• _Data segment_:
*** Begin section ***
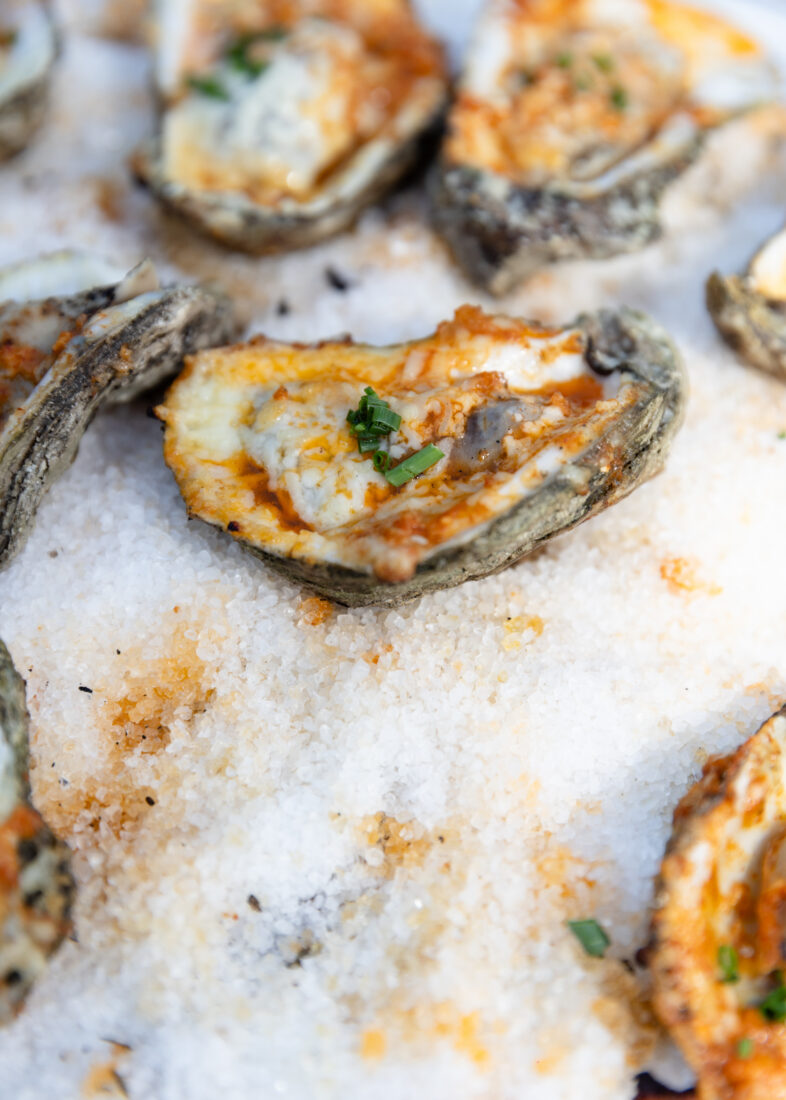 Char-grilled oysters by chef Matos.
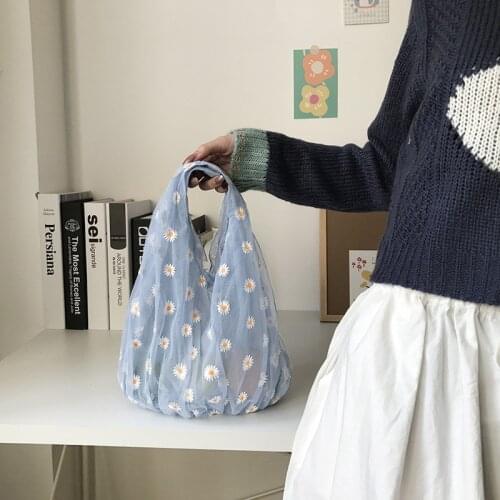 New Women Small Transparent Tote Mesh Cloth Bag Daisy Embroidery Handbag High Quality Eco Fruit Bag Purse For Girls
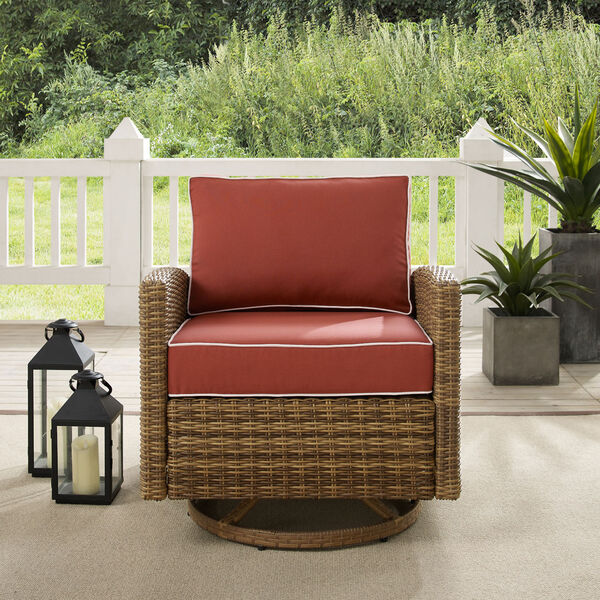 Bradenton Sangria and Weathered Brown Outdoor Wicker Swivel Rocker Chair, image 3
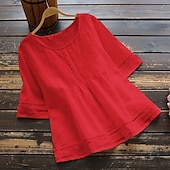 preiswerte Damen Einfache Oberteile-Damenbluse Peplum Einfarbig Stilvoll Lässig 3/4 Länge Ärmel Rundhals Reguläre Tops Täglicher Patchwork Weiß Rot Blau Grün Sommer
*** End section ***
• _Brief_: Pictures stay out; print everything else in the data exactly.

• _Completed exercise_:
 Char-grilled oysters by chef Matos.
 New Women Small Transparent Tote Mesh Cloth Bag Daisy Embroidery Handbag High Quality Eco Fruit Bag Purse For Girls
 Bradenton Sangria and Weathered Brown Outdoor Wicker Swivel Rocker Chair, image 3
 preiswerte Damen Einfache Oberteile-Damenbluse Peplum Einfarbig Stilvoll Lässig 3/4 Länge Ärmel Rundhals Reguläre Tops Täglicher Patchwork Weiß Rot Blau Grün Sommer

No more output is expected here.